NEPC, one of the industry’s largest independent, full-service investment consulting firms to endowments and foundations, has made public the results of its Q1 2014 NEPC Poll, a measure of endowment and foundation confidence and sentiment related to the economy, investing and market performance.
“Our survey found respondents feeling much more confident in the economic outlook, with fully 75% noting the economy is in a better place now than it was this time last year,” said Cathy Konicki, Partner and Head of NEPC’s Endowment & Foundation Practice Group. “Overall confidence is reflected in more than half of endowments and foundations polled saying the markets will show high single-digit returns and their strong conviction that equities, both US and emerging markets, will be the top performers in the year ahead.”

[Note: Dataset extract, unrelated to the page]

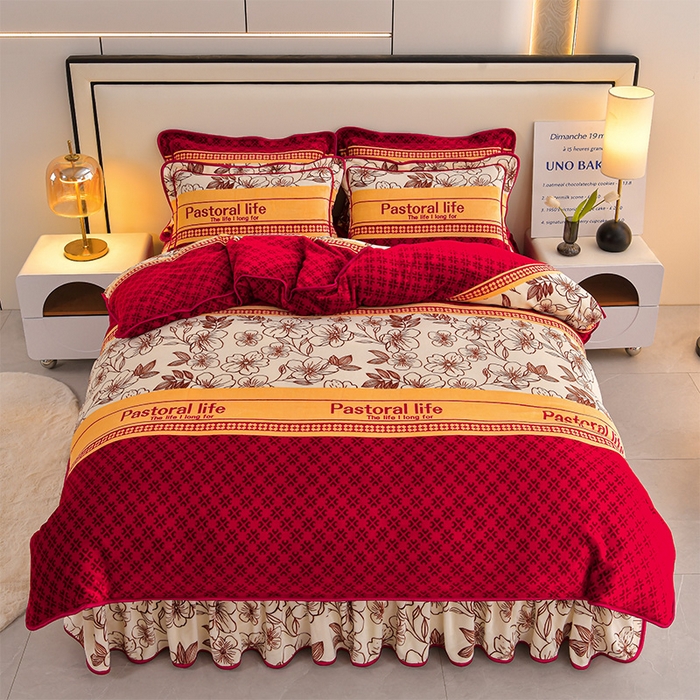 91家纺网 家纺一手货源 找家纺 馨梦缘 2025新款小包边款牛奶绒8.5斤高克重牛奶绒金雕绒床裙款四件套 爱的花海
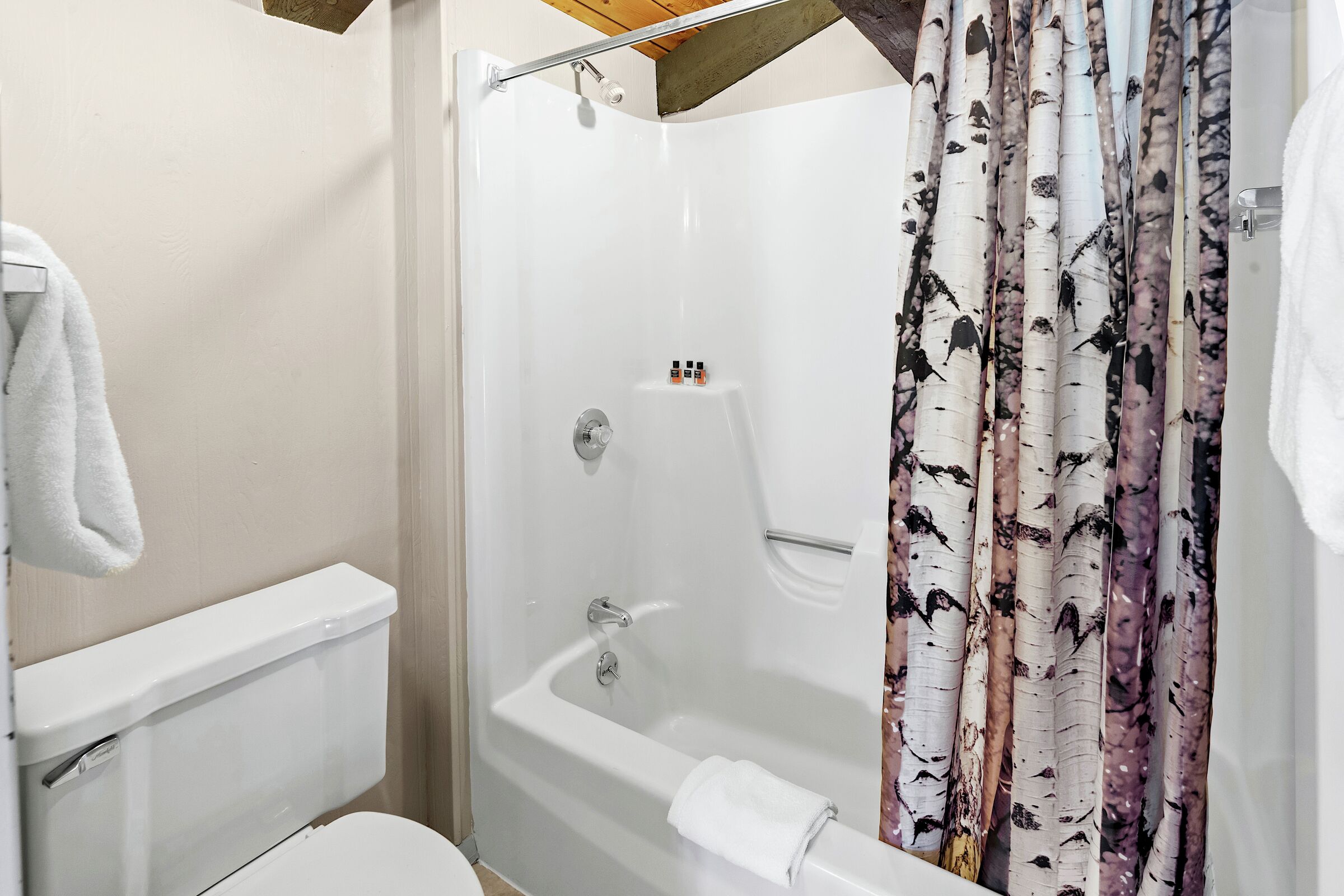#3313 - Ivy - Loft Bathroom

Despite overall confidence in the markets, 50% of respondents noted that a slowdown in global growth poses the greatest single risk to investment performance, a moderate decrease from the 60% who gave the same answer in Q4, 2013. “Rising interest rates” (19%) replaced last quarter’s “US budget deficit / government shutdown” as the second greatest concern, and “Fed tapering” (13%) followed in third place, displacing concern about rising interest rates seen last quarter.
On the investment front, U.S. and emerging equities, followed by international equities, are believed to be among this year’s top performers by 60% of endowments and foundations.
Confidence in equities aside, there appears to be continued migration of capital from traditional equity and fixed income strategies to non-traditional assets. Only 4% of respondents indicated they are planning to increase exposure to domestic equities, while 81% indicated they are planning to allocate the same or more to hedge funds, specifically focusing on the multi-strategy, credit-linked and event-driven spaces.
Private equity continues to be among the top alternative investment picks of endowments and foundations: 38% of respondents (vs. 32% last quarter) plan to increase their allocation, and 34% are keeping their private equity investments level with last year. Specific sub-categories of private equity investments favored by respondents were split at 25% each between buyouts / growth equity, direct lending, and secondaries.
NEPC’s Q4 2013 survey noted that 41% of respondents planned to allocate more to real assets in 2014. In the current survey, when asked which real assets were their top choices, 34% said real estate, 24% selected energy, and 8% picked precious metals (specifically gold, gold mining and silver).